Bin GUO (Rutgers Newark) 

Uniform estimates for complex Monge-Ampere and fully nonlinear equations


Uniform estimates for complex Monge-Ampere equations have been extensively studied, ever since Yau’s resolution of the Calabi conjecture. Subsequent developments have led to many geometric applications to many other fields, but all relied on the pluripotential theory from complex analysis. In this talk, we will discuss a new PDE-based method of obtaining sharp uniform C^0 estimates for complex Monge-Ampere (MA) and other fully nonlinear PDEs, without the pluripotential theory. This new method extends more generally to other interesting geometric estimates for MA and Hessian equations. This is based on the joint works with D.H. Phong and F. Tong.

Hans-Joachim HEIN (WWU Münster)

Immortal solutions of the Kähler-Ricci flow


We investigate the collapsing behavior of immortal solutions of the Kähler-Ricci flow on compact Kähler manifolds. Assuming the Abundance Conjecture, we prove that the Ricci curvature of the evolving metrics remains locally uniformly bounded away from the singular fibers of the Iitaka fibration. Joint work with Man-Chun Lee and Valentino Tosatti.
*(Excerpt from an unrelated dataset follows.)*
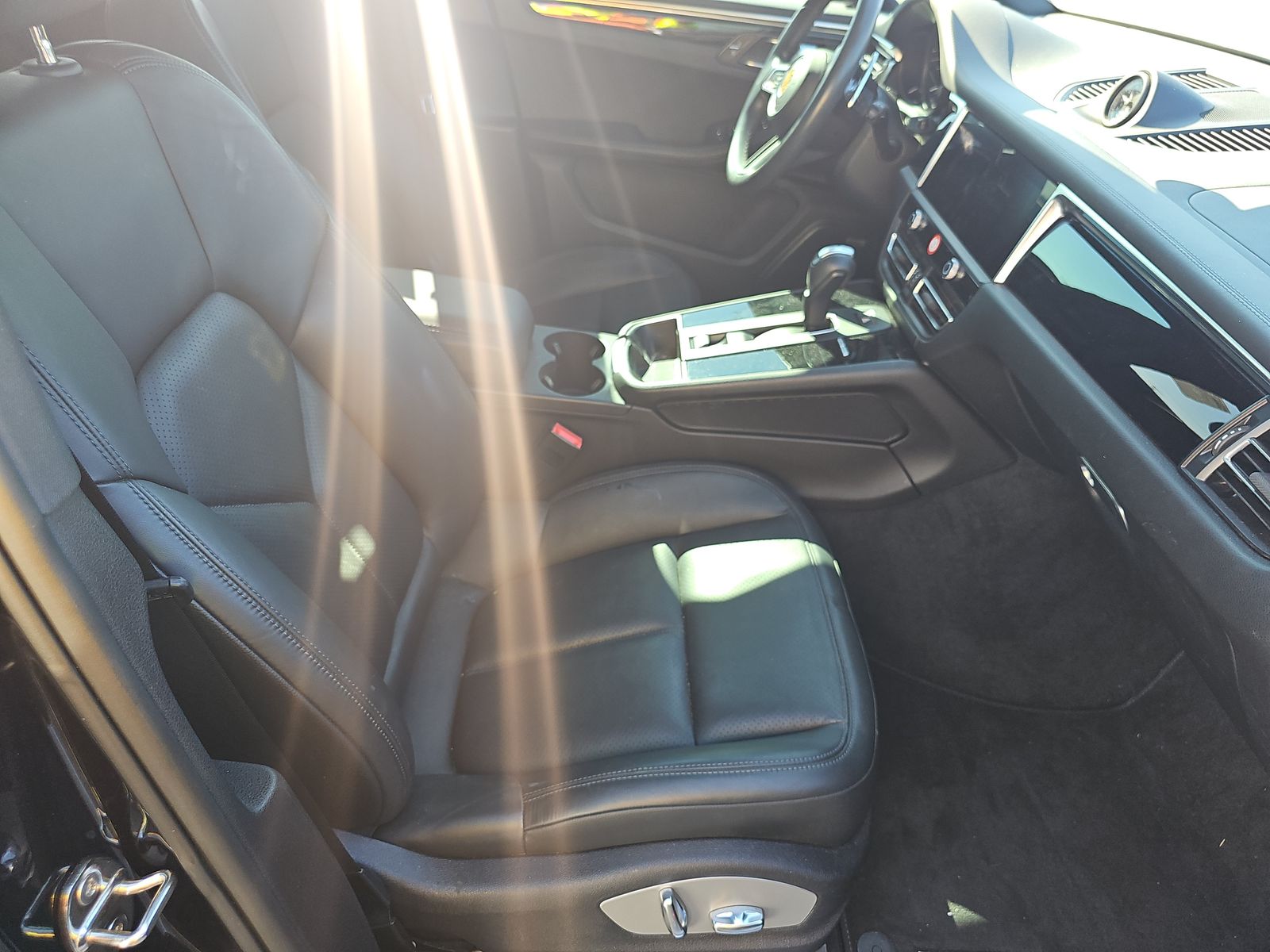 2022 Porsche Macan S AWD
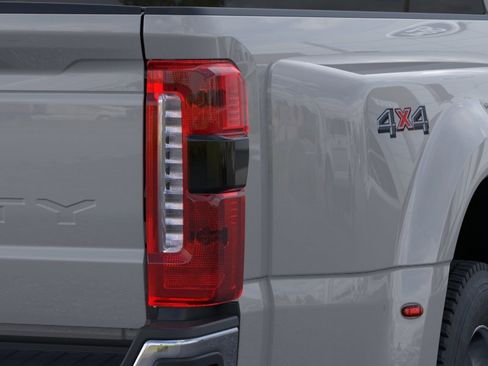 New 2026 Ford F450 Lariat w/ Lariat Premium Package AWD/4WD image 22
Jakob HULTGREN (Umeå University)

On the SYZ-conjecture for hypersurfaces in toric Fano manifolds


The talks will be concerned with the SYZ-conjecture for families of hypersurfaces in toric Fano manifolds. Recent work by Yang Li reduces a weak version of the SYZ-conjecture in this setting to the solvability of a real Monge-Ampère equation on the boundary of a polytope. Curiously, this Monge-Ampère equation is solvable for some families and not solvable for some families. I will explain how solvability can be described in terms of properties of the solutions to an optimal transport problem, and how another subtle aspect of the PDE, the presence of a free boundary, becomes less mysterious when viewed through the lens of optimal transport. Finally, I will highlight some of the many open problems related to this. This is based on joint work with Rolf Andreasson, Thibaut Delcroix, Mattias Jonsson, Enrica Mazzon and Nick McCleerey.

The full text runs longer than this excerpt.